Hi Graeme,
On Fri, 15 Oct 2004, Graeme Stewart wrote:
My apologies, I wasn't exactly sure what information would be helpful to resolve this issue.
I have a straight-forward approach to the amount of information needed when trying to solve a problem; just give me all you got and I'll sift through it to see what is useful and what not ;).
If I sounded a bit harsh it was because I woke up at 4 am while I could sleep until at least 7 am ;).
- stunnel has logging? - Told you I hadn't used it much.
That logging probably holds the solution to your problem. Because it probably holds the problem ;). I don't know what OS you're using; if it's debian linux you'll find the logging in /var/log/daemon.log, otherwise most likely in /var/log/messages. Can you check that logging to see what it says regarding stunnel?
If the logging is not present, uncomment these settings and check the stunnel.log.
#debug = 7 #output = stunnel.log
It could be the tcpwrapper is complaining. Wouldn't surprise me.

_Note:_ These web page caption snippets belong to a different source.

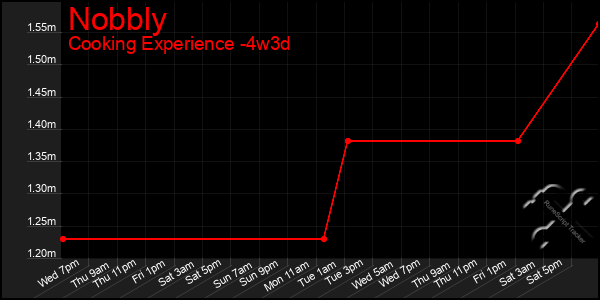 Last 31 Days Graph of Nobbly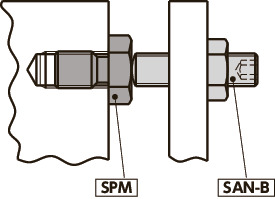 SPMStopper Bolts - Steel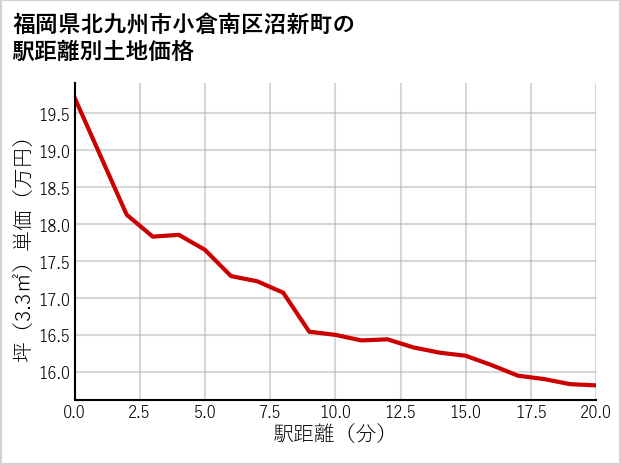 福岡県北九州市小倉南区沼新町の徒歩距離別の土地坪単価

[https] accept=localhost:8080 connect=targetsite.com:443 TIMEOUTclose=0 transparent=yes
- shouldn't the link be transparent to the application utilizing it?
Nah, because it can't be. You can make it transparent to the receiving application, if I understand the feature correctly. I've never used it; all my servers are FreeBSD hence it wouldn't work on that side.
Consider this setup to secure an otherwise unsecured imap connection between a client that can't do ssl and a server that can't do ssl:
pine -imap-> localhost-stunnel --imap-over-ssl-> remotehost-stunnel --plain imap->imap-server
the imap-server now considers the connection to originate from the remotehost-stunnel. The transparent-yes feature should make it possible to let the imap-server think it is in fact talking to my localhost-stunnel.
So it has to do with the 'serverside-stunnel', not with the client-side stunnel.